"I knew that these were the best choices I could have made."
This story was submitted to us.
When I was 16, I lost my virginity to a man who was much older than me. He was 22, and had many partners previously. He made me believe he loved me.
At the time, I suffered a lot of trauma from being bullied, therefore I searched for attention in male companionship, as some of us do. I allowed myself to give into his manipulation, which eventually led me to becoming pregnant because I trusted myself with him.
I knew I could not keep the child, because if I had, it would have suffered.
Two months after that abortion, I confided in a male best friend of three years. He lured me into his garage, which led to myself being raped.
His intention was to impregnate me, so that I may feel the pain all over again of abortion because he knew at 17, I was not in a position to care for a child nor bring a child into this world that I would have to give up. I knew I had no choice.
I knew that these were the best choices I could have made. I suffered trauma for so long after, especially with the stigma surrounding abortion.
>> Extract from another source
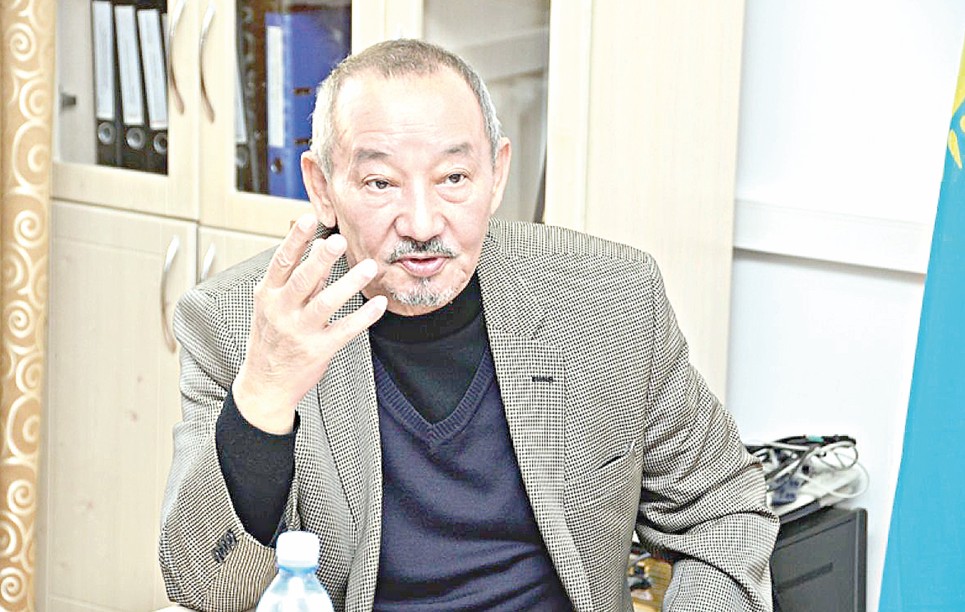 اردا اقىن – ازامات ەر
When I was 18, I met my current boyfriend whom I've shared these stories with. He accepted me with open arms, and promised that I would never endure such pain and corruption ever again.
There is a person, or people, who will not look down on anyone for a decision such as this because it is your own choice. In my case, the love I was given was enough to catapult me into a world of happiness that I did not imagine could be my own yet again.